Dirty Money: Bamboozled Beyond Belief?
by Shubhangi Jena March 5 2018, 3:41 pm Estimated Reading Time: 3 mins, 36 secs‘Do you think it’s dirty money? All money is dirty; if it were clean nobody would want it.’ - Carlos Ruis Zafon.
In his latest documentary, acclaimed director Alex Gibney (my favourite for his mind-blowing project ‘Man in the Machine’) paints yet another stroke of striking truth. Known to always ‘dig in’ and unearth the many faces to a single story and bring to complete light the narrative whose occult currents, (unseen, untouched, unheard of) dissipate from the folds where they were tucked away initially from public knowledge. In his own peculiar way, Alex Gibney has set to motion the truth scooting to reach us in his new Netflix docuseries “Dirty Money”. An eye for the story from rummy angles, Dirty Money is a docuseries of the rich, their riches and amassing more riches rather than making rags story the focal point; it’s a narrative of the perps rather than the dupes.
Source : market place
The first instalment ‘Hard NOx’ is an instant eye-grabbing minus wondrous revelation of corporate malfeasance by Volkswagen. Inching deeper into the story, it peels out what lay in the depths of despair of the Volkswagen equation that churned only numbers and was too crammed for an introspective space. The scandal being: The German car manufacturer cheated emission standards and thus putting millions of automobiles on the road that disgorged gases into the air we breathe in. Although the company later had to cough up millions for this scam, but the outrage is still evident, infact more in Gibney himself who narrated the entire episode himself.
Likewise, the series scuttles towards more such episodes from the pages of ‘corporate malevolence’.
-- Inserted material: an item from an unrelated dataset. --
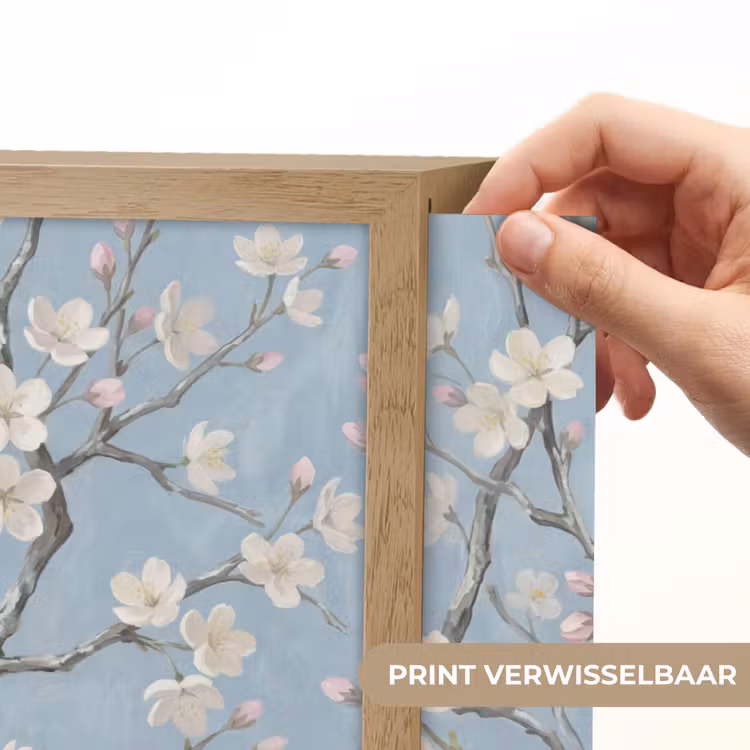 Takken - Kersenbloesem - Blauw Light Box met batterij (Wandlamp) middel -USP_websiteprintNL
The second episode ‘Payday’ obliquely sheds light on the American lives being ruined by how their capitalism works or the third episode ‘Drug Short’ that brings forth the ‘dealings behind the counters’, how the pharma companies spike wildly the prices of lifesaving drugs and the many threads that follow in order to claim some dirty pay dirt.
Source : financial times
In ‘Cartel Bank’, the fourth instalment of the series, there’s an icy delirium evident while exposing the scam by Shanghai based HSBC bank and their tight-lipped coalition with terrorists and pushers by laundering their money. These incidents somehow are so ubiquitous and no matter from what viewpoint they are narrated or what geographies they cover; such scams have turned out to be a pandemic for the entire humankind.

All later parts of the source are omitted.